Porsche overcomes global bad mood and raises BRL 50 billion on the Frankfurt Stock Exchange

Luxury car maker Porsche dodged the bad mood of the world stock market and launched on Wednesday night (30) the biggest initial public offering (IPO) since 2011 in Europe and one of the biggest of the world this year.

With funding of €9.4 billion (approximately R$50 billion) and valued at €75 billion (approximately R$400 billion), it attracted so much interest that half of the investors who reserved shares were unable to buy the shares, at the same time. week the pound plummeted in London.

Last Thursday, the day the Frankfurt Stock Exchange fell, the share of Porsche, an automaker that belongs to the German giant Volkswagen, rose by more than 3%, to close stable.

The IPO market is experiencing a shortage of offers, in Brazil and in the world, due to the increase in interest rates by central banks to contain the soaring inflation and geopolitical uncertainties with the war in Ukraine.

In Europe and the United States, the world’s biggest IPO stage, this has been the worst year for equity funding since the global financial crisis in 2008.

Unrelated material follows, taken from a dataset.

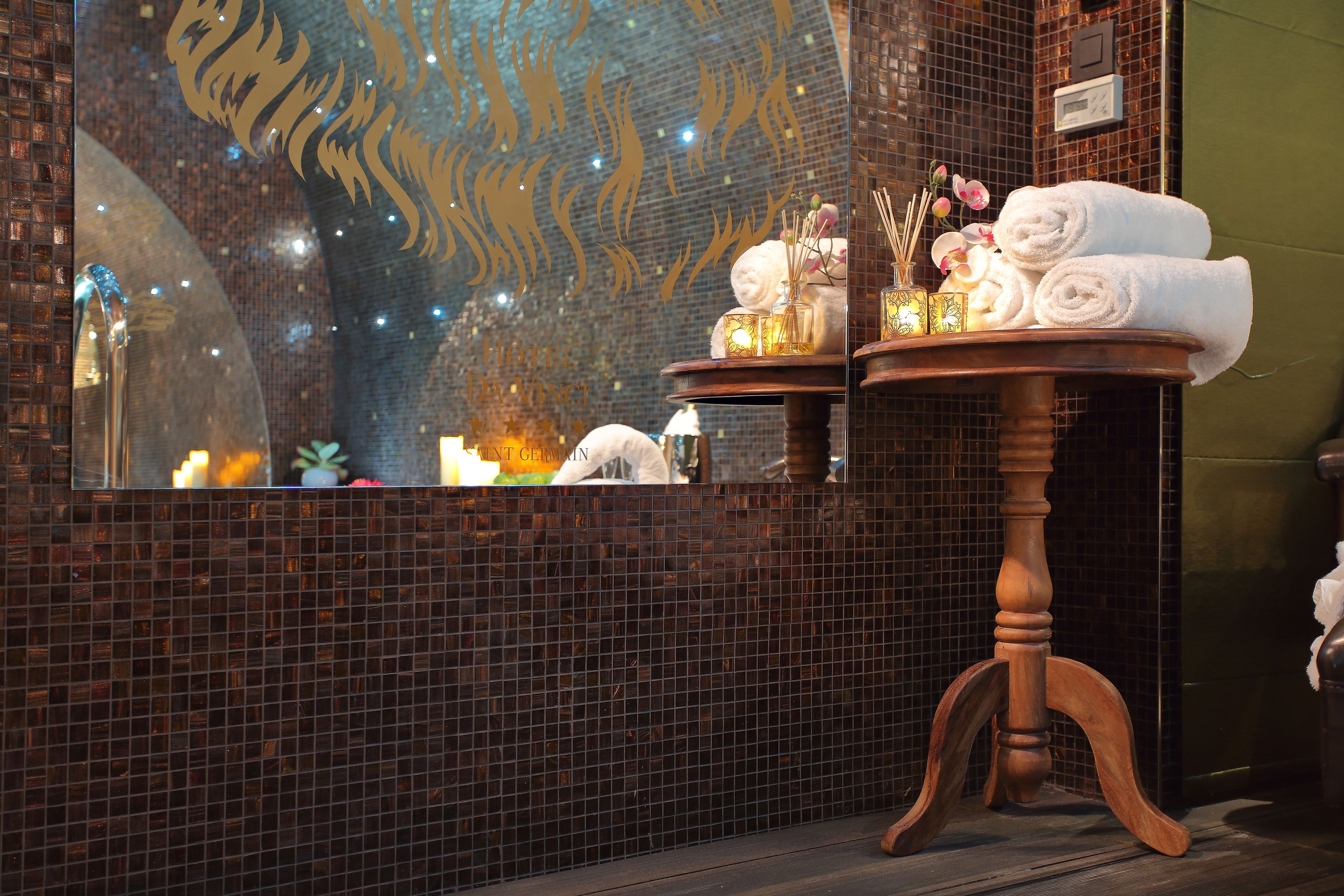 A bathroom with a mirror, a wooden table with towels, and decorative items.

While IPO activity hit its lowest level in 20 years in the Americas, Asia hosted five of the top ten global IPOs this year.

Even in this adverse environment, Porsche reached the IPO at the top of the range signaled to investors, with the share leaving at € 82.50 (about R$ 435).

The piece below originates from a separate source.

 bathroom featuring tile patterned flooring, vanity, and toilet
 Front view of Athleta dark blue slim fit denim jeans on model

“Porsche will have a market value in the range of €75 billion after its IPO. This almost equals Volkswagen’s market value of around €83 billion,” says Swissquote Research in a customer comment.

The biggest IPO in Europe in recent years was that of Switzerland’s Glencore, which in 2011 raised US$ 10 billion (R$ 54 billion).

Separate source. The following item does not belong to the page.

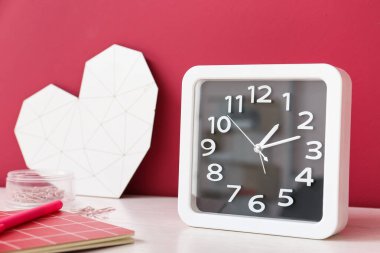 Renk duvarının yanındaki masa üzerindeki saat ve dekor şık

The offering, coordinated by Bank of America, Citigroup, Goldman Sachs and JPMorgan, attracted interest from major investors such as sovereign wealth funds in Qatar and Norway.

It was the second largest listing in German history, second only to Deutsche Telekom in 1996.

Swissquote Research points out that Porsche managed to get its IPO off the ground even in the midst of a lackluster market for equity offerings, citing as justifications for investor interest the premium paid by the company, of 7.5% over the preferred IPO price. , as well as its debt structure.

special dividend

With the success of the Porsche IPO, Volkswagen announced the future payment of a special dividend of 49% of its gross income. The reward for shareholders is positive, according to Morningstar, one of the biggest US analysis houses.

It is also seen as positive the destination of the remaining IPO proceeds, which will be contributed in the transition to battery electric vehicles, in which the company plans to invest more than €50 billion (R$ 265 billion) in five years.

The information is from the newspaper. The State of São Paulo.